The effect of obliquity
During the solstices, the sun moves almost parallel to the celestial equator. Its speed of movement is deducted from the celestial sphere diurnal rotation speed to a greater extent. Therefore, near the solstices, the solar day duration is maximum. The sun moves at the maximum angle to the celestial equator during the equinoxes. The speed of its movement is deducted from the celestial sphere diurnal rotation speed to the smallest extent. This shortens the length of the solar day. The obliquity effect curve has a period of half a year. It passes at zero close to the times of the solstices and equinoxes.
The effect of eccentricity
The Earth moves around the Sun by the ellipsoidal orbit. The Sun is at one of the focuses of the ellipsoid. According to Kepler's second law, the Earth speed at the closest point to the Sun (perihelion) is maximum. At the opposite place (aphelion), the Earth's velocity is minimal. Accordingly, at perihelion, solar days are lengthened the most, whereas at aphelion they are shortened. The eccentricity effect graph points close to zero correspond to the aphelion and perihelion. The period of this curve is one year.
Mean Solar Time, Historical Reference
Despite the impossibility of direct measurement, the need to introduce the mean solar time arose among ancient astronomers.
Quoting Ptolemy again:
Now the [maximum] subtractive result from both effects
occurs over the interval from the middle of Aquarius to [the end of] Libra, and
the [maximum] additive one over the interval from [the beginning of] Scorpio to the middle of Aquarius. Both of these intervals produce a maximum additive or subtractive result which is composed of about 3⅔° due to the effect of the solar anomaly, and about 4⅔° due to the [variation in the time of] meridiancrossing.
Thus the maximum difference arising from the combination of both
the above effects is 8⅓ time-degrees, or 5/9ths of an hour, between the [true] solar days over either of these intervals and the [corresponding] mean solar days, and twice as much, 16⅔ time-degrees, or 1⅑ hours, between the [true] solar days of one such interval and those of the other. Neglect of a difference of this order would, perhaps, produce no perceptible error in the computation of the phenomena associated with the sun or the other [planets]; but in the case of the
moon, since its speed is so great, the resulting error could no longer be overlooked, since it could amount to 3/5 of a degree.3
Ancient astronomers had to introduce the mean solar time to measure the exact movement of the Moon across the celestial sphere. The Moon, in turn, acted as a reference point for finding stars by the stellar catalog, so the accuracy of its movement was vital.
Mean solar time is convenient. Unlike apparent solar time, it flows evenly. Nowadays, any electronic or mechanical watch can measure it with high accuracy.
Equation of time
There were no accurate clocks in ancient times.

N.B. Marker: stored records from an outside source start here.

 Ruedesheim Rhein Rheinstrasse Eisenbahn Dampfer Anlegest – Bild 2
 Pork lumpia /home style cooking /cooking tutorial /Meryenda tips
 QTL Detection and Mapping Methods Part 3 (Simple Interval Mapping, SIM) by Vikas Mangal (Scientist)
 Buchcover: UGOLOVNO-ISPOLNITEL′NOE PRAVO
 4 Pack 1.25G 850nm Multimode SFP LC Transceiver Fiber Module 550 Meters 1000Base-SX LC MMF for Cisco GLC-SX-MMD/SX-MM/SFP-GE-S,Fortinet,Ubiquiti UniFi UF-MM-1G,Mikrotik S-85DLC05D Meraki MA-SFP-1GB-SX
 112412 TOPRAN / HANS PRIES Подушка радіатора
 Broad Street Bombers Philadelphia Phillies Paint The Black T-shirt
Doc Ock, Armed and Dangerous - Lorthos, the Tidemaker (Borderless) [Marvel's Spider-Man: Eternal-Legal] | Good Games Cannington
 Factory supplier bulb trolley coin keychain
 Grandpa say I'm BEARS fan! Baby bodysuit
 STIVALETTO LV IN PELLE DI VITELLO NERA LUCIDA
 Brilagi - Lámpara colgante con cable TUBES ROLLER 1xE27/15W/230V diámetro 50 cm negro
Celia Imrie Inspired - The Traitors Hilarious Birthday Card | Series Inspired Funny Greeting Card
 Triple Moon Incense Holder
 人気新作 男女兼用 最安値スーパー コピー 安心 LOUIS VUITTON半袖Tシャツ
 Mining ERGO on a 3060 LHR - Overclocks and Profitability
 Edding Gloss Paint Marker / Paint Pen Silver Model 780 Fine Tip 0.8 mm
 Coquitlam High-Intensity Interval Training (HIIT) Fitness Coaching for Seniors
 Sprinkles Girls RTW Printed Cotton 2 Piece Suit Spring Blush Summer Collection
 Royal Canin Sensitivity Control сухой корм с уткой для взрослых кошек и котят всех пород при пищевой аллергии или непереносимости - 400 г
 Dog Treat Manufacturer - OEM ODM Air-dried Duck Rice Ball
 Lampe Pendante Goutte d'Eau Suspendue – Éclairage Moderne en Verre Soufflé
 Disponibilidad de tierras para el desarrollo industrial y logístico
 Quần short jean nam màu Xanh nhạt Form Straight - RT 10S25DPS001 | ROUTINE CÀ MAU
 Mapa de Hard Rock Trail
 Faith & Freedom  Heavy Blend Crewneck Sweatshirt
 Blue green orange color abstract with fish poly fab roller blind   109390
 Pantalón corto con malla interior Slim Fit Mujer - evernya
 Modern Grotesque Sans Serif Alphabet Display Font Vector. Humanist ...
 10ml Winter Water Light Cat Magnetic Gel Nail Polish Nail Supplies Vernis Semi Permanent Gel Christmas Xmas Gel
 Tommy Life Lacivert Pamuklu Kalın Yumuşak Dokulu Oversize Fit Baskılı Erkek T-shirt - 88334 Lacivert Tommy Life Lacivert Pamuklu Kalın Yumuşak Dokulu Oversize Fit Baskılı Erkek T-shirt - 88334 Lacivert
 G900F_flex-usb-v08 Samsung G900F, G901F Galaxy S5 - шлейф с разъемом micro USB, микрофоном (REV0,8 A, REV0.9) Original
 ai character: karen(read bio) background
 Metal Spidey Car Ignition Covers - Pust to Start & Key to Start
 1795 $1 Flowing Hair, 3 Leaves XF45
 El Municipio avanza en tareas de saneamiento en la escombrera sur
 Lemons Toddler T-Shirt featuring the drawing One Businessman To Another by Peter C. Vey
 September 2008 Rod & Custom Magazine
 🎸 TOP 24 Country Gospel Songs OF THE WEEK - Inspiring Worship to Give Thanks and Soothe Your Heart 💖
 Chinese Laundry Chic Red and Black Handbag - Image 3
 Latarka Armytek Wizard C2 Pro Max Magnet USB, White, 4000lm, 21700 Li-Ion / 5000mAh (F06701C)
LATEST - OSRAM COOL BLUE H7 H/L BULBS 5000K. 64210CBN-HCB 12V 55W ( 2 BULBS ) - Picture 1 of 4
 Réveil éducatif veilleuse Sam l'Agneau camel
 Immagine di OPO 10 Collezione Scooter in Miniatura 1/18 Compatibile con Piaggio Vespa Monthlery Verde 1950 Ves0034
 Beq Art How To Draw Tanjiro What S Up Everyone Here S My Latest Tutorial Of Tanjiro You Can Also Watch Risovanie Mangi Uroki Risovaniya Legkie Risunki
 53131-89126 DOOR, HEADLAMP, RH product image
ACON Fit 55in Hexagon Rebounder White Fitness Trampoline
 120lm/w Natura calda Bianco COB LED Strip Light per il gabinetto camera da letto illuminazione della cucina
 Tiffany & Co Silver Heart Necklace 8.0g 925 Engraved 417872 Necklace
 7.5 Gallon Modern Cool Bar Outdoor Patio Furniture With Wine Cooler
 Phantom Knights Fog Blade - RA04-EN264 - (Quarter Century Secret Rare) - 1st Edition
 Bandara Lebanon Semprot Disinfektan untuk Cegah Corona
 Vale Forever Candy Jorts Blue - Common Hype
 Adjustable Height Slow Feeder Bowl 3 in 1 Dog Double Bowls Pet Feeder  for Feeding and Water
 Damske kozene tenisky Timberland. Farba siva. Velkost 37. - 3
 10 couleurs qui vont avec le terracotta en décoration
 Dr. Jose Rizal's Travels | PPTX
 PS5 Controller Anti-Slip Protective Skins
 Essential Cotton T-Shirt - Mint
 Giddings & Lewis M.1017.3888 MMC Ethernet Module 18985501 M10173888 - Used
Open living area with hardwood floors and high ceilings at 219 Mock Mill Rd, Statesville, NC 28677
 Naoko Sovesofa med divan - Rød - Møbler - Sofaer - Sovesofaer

For many centuries it was necessary to be content with a sundial, which shows apparent solar time. The apparent solar time, as we found out above, goes unevenly. So, ancient astronomers used the equation of time math to evaluate the mean solar time by sundial readings. The mean solar time was convenient for calculating the motion of celestial bodies observed in the sky.
On the contrary, nowadays, watches that measure the mean solar time are more common. So knowing the equation of time, we can calculate the readings of a sundial.